Mitigating measures Microsoft

SLM Microsoft Rijk provided Microsoft with the DPIA findings upon completion of this DPIA. The discussions between SLM Microsoft Rijk and Microsoft resulted in a set of measures that, upon successful implementation by Microsoft, result in the mitigation of high risks identified in the DPIA, if government organisations follow the recommendations set out in the DPIA report.

In sum, Microsoft’s technical and organisational measures will mitigate all identified 6 high risks.

Recommended measures for government organisations

  1. Turn off the Controller Connected Experiences.
  2. Set the telemetry level of the mobile Office apps to the lowest level.
  3. Administrators must regularly use the Data Viewer Tool to view the telemetry sent from the mobile Office apps.
  4. Disclose and enforce retention policy / clean up outdated data due to risks of transfer to the US.
  5. Retest new versions of the mobile Office apps / recommend users to install the latest versions as soon as the privacy risks have been mitigated.
  6. When using the Connected Cloud Services, establish policies to prevent file names and file paths from containing personal data.
  7. Inform employees about the access possibilities via DSR and audit logs.

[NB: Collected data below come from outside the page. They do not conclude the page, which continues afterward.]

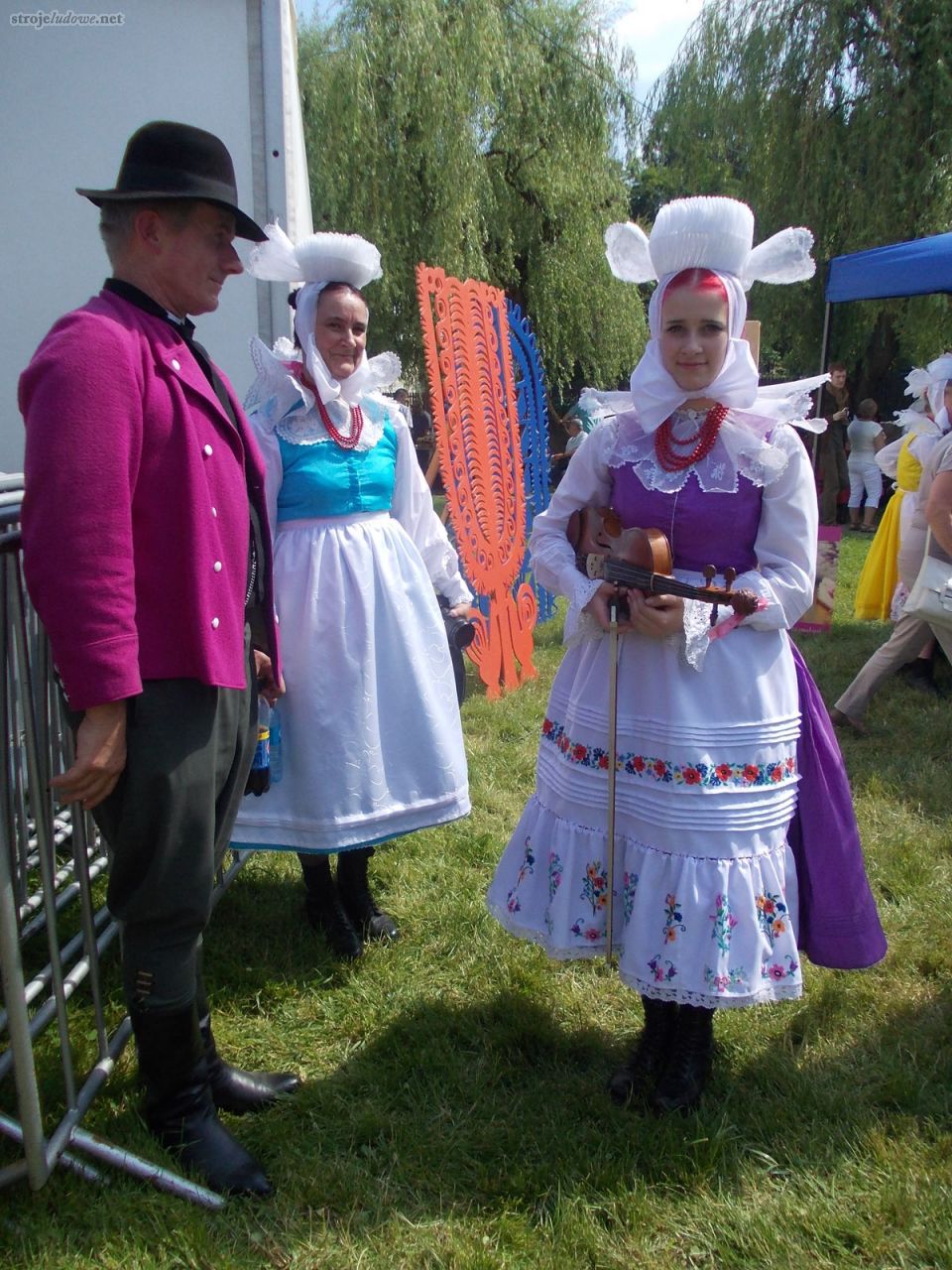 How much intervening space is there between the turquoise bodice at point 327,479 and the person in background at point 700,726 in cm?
83

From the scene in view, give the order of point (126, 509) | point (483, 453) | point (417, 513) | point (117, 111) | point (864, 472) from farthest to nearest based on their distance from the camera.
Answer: point (864, 472) → point (483, 453) → point (117, 111) → point (417, 513) → point (126, 509)

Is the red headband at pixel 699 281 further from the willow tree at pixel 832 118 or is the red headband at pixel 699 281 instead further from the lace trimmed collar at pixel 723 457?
the willow tree at pixel 832 118

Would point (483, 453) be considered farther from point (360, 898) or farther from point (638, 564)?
point (638, 564)

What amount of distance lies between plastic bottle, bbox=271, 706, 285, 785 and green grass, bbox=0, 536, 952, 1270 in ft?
1.89

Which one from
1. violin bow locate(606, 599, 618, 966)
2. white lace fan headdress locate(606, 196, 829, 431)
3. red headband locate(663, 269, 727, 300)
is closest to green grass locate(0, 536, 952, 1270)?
violin bow locate(606, 599, 618, 966)

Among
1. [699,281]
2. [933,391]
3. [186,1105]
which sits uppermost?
[699,281]

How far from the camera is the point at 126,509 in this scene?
1784 millimetres

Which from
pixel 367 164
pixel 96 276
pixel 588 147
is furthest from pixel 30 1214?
pixel 588 147

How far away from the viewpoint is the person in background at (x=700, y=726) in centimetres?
231

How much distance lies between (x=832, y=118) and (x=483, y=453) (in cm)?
944

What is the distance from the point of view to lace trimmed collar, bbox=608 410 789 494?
235 centimetres

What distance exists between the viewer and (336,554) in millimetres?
3053

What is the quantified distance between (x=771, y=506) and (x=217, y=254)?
1319 mm

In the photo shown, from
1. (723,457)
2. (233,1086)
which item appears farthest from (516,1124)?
(723,457) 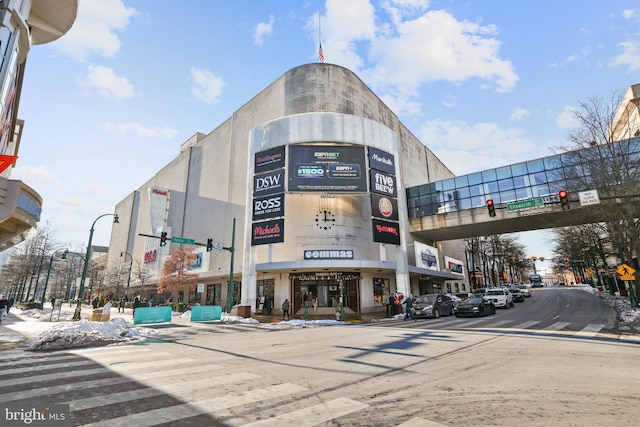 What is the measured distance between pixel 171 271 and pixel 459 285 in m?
45.9

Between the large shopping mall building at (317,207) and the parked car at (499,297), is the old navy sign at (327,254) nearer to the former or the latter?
the large shopping mall building at (317,207)

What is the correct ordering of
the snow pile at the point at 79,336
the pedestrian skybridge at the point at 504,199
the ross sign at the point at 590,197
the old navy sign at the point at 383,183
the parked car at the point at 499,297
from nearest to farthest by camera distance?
1. the snow pile at the point at 79,336
2. the ross sign at the point at 590,197
3. the parked car at the point at 499,297
4. the pedestrian skybridge at the point at 504,199
5. the old navy sign at the point at 383,183

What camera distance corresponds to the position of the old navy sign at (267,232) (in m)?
28.7

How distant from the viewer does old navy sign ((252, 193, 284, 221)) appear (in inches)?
1148

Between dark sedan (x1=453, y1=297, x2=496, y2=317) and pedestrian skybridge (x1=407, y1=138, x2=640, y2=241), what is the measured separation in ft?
26.0

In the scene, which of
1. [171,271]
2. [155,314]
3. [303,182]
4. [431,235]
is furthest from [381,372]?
[171,271]

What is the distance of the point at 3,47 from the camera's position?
14.8 meters

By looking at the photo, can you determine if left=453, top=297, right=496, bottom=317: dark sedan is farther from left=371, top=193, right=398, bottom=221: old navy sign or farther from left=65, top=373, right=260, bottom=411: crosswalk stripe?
left=65, top=373, right=260, bottom=411: crosswalk stripe

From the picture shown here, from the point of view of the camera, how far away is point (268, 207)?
29.8 metres

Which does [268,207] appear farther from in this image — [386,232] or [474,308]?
[474,308]

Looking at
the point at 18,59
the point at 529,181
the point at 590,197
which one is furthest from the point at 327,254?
the point at 18,59

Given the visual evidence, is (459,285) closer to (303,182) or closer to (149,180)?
(303,182)

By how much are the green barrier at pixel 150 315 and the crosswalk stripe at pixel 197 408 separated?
19446mm

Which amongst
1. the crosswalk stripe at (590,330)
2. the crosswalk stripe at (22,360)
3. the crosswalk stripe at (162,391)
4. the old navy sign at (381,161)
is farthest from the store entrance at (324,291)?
the crosswalk stripe at (162,391) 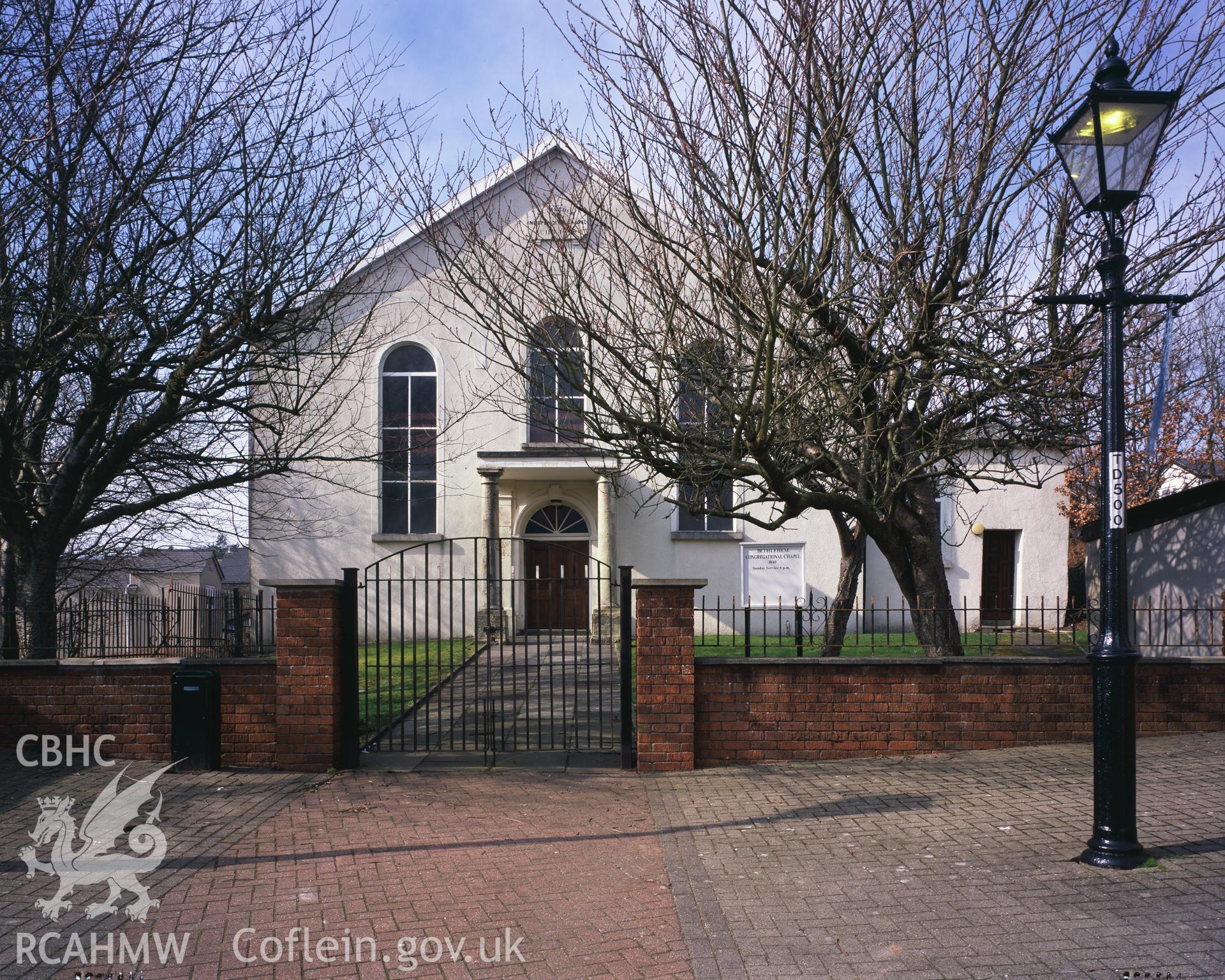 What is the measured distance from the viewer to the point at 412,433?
811 inches

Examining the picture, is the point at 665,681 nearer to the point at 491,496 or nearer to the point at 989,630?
the point at 989,630

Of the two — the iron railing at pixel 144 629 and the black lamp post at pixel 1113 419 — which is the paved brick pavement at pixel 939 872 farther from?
the iron railing at pixel 144 629

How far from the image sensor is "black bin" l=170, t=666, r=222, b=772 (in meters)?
8.44

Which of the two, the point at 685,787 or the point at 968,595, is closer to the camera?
the point at 685,787

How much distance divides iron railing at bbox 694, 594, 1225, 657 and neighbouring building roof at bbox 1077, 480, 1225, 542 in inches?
43.0

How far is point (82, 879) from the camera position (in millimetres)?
5680

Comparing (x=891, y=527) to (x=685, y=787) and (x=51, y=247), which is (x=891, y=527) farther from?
(x=51, y=247)

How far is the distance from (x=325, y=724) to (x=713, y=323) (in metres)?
5.19

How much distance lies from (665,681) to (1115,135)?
17.7 feet

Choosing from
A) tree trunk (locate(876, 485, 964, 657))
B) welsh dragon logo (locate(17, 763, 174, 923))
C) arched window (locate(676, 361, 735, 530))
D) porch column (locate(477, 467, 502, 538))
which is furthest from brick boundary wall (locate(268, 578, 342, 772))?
porch column (locate(477, 467, 502, 538))

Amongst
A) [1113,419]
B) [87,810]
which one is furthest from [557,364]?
[87,810]

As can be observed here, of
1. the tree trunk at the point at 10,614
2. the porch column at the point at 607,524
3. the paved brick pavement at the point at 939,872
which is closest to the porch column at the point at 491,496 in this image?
the porch column at the point at 607,524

What can companies do that if they want to use the Enterprise version of Office 365?

Companies and organisations outside the Dutch government have to take into account high(er) privacy risks when using Office 365 ProPlus, Office for the Web, and the mobile Office apps. They should turn to Microsoft, preferably through an industry organisation, to negotiate similar privacy guarantees as the Dutch government. Irrespective of that, organisations could also conduct their own DPIA, based on the reports of the government, and submit the residual risks to the Data Protection Authority, as referred to in Article 36 of the GDPR.